┏━━
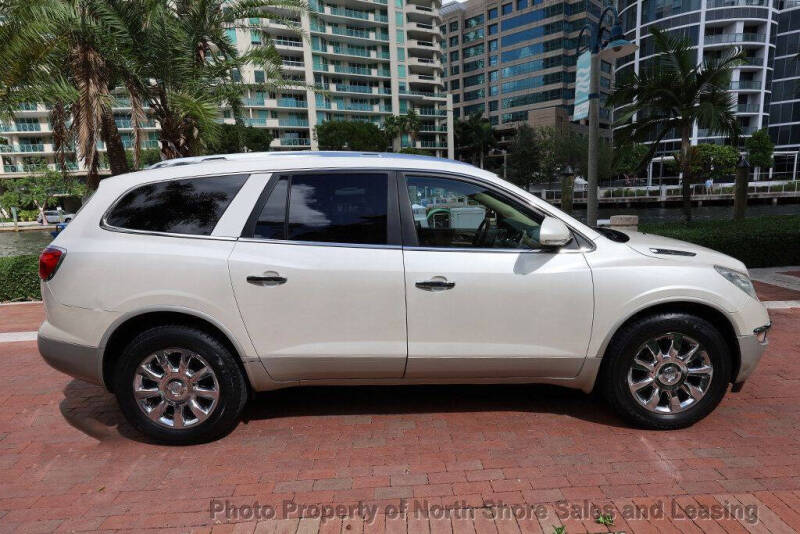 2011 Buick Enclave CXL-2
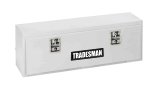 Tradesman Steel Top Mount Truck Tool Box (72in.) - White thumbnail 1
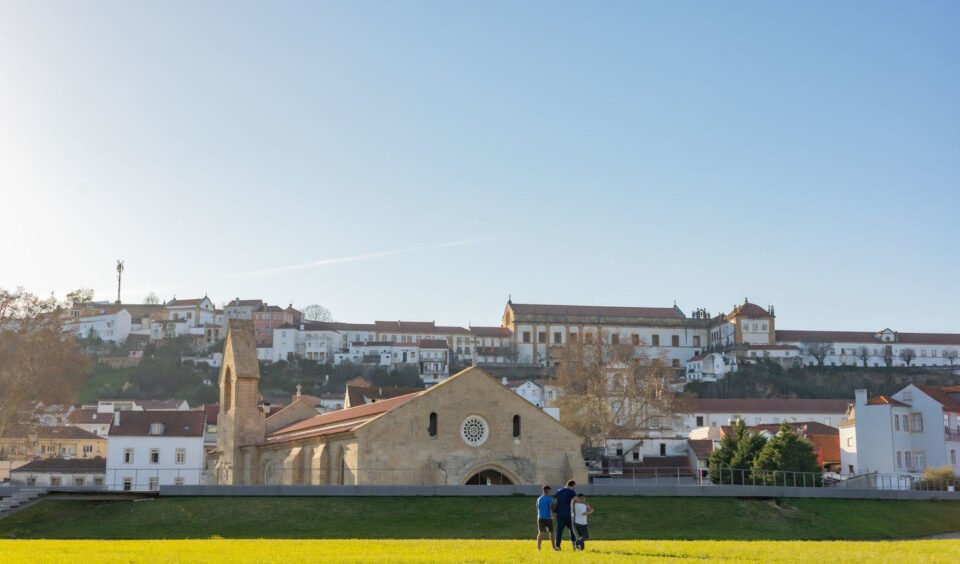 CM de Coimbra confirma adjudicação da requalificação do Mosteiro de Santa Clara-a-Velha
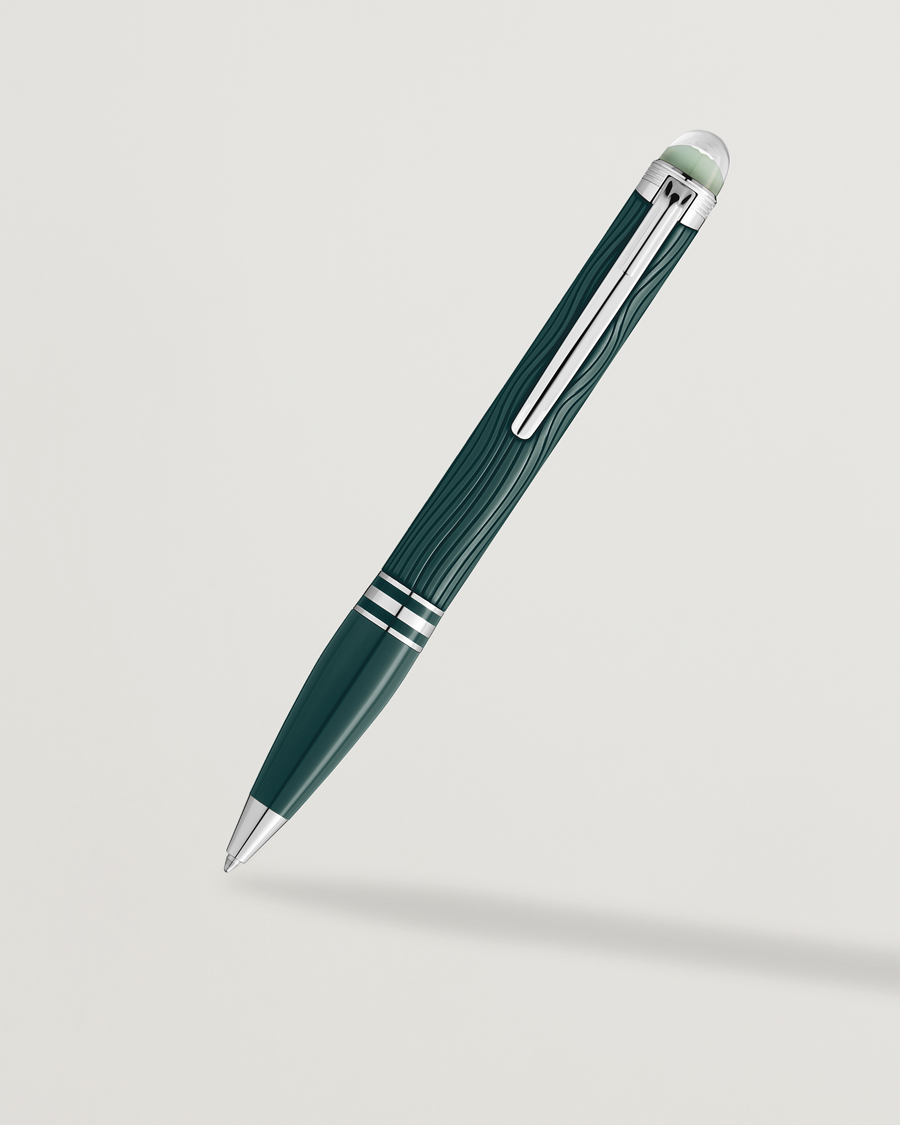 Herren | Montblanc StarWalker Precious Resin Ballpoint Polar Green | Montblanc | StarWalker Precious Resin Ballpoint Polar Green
┗━━
EXERCISE PROMPT
Could you print the material above word for word and skip the images?

ANSWER TO THIS EXERCISE
 2011 Buick Enclave CXL-2
 Tradesman Steel Top Mount Truck Tool Box (72in.) - White thumbnail 1
 CM de Coimbra confirma adjudicação da requalificação do Mosteiro de Santa Clara-a-Velha
 Herren | Montblanc StarWalker Precious Resin Ballpoint Polar Green | Montblanc | StarWalker Precious Resin Ballpoint Polar Green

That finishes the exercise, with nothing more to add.